Seeking treatment for PTSD
The Mayo Clinic notes there are four types of symptoms associated with PTSD: intrusive memories about the event(s), avoidance, negative changes in thinking or mood, and changes in physical and emotional reactions. Symptoms can range from mild to extreme, and Mayo recommends those who experience even mild symptoms for more than a month should get treatment, while those who experience extreme symptoms should get help immediately.
Treatment can range from inpatient treatment if the person is deemed to be a danger to themselves to outpatient treatment that can span from a few weeks to several months, depending upon the severity of the PTSD and the person’s response to treatment.
The American Psychological Association strongly recommends four types of cognitive behavioral therapy that can be conducted individually or in group therapy sessions. The benefits of cognitive behavioral therapy are to help the individual confront the traumatic events, gain a better understanding of their reactions and emotions, and learn to turn away from unhelpful or negative behaviors.
The association also offers a conditional recommendation for three other forms of psychotherapy and four medications. Medications may be able to provide more immediate relief from symptoms while the patient learns the skills to better cope with PTSD.
Where to seek treatment
Treatment for PTSD can be found through many resources, many of which can offer free or sliding-scale fees for those unable to afford treatment. The best place to start to get help is through a primary care doctor or mental health professional. Of course, in an emergency situation, a call to 911 or the national suicide prevention hotline (1-800-273-TALK) may be necessary. As of July 16, 2022, the federal government was rolling out a new 988 mental health crisis hotline, though state adoption has been spotty.
Military veterans, whether they served recently or decades ago, can receive PTSD treatment through Veterans Affairs. The VA offers PTSD counseling through all of its nearly 200 treatment centers across the country and offers inpatient treatment for severe PTSD at regional centers. The VA also offers counseling to family members of veterans experiencing PTSD.

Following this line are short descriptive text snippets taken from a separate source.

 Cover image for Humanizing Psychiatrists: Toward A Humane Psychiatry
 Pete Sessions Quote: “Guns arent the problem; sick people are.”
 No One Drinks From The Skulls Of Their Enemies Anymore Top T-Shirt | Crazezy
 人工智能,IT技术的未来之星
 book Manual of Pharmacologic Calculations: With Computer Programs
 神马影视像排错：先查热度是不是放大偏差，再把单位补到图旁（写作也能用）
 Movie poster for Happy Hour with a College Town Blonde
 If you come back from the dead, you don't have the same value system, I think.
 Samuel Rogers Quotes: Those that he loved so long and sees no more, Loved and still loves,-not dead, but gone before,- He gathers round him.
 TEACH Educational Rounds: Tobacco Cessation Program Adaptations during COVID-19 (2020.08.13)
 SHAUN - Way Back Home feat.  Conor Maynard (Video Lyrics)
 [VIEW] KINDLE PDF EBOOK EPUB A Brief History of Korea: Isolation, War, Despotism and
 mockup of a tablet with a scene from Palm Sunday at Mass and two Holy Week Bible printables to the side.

For others, help generally is available through local or county mental health services. The National Institutes of Mental Health offers a comprehensive guide to places to see help with mental health issues, including PTSD. But finding help locally might be easier by going through your local, county, or state government mental health services website.
Domestic violence victims can find help for PTSD treatment through local domestic violence crisis shelters.
Many employer-provided health insurance plans also include benefits for mental health treatment. In such a case, the person should contact their insurance company to find a mental health services provider that is included in the health insurance program.
Local colleges, universities, and medical schools also might provide PTSD counseling services to their students and the broader community.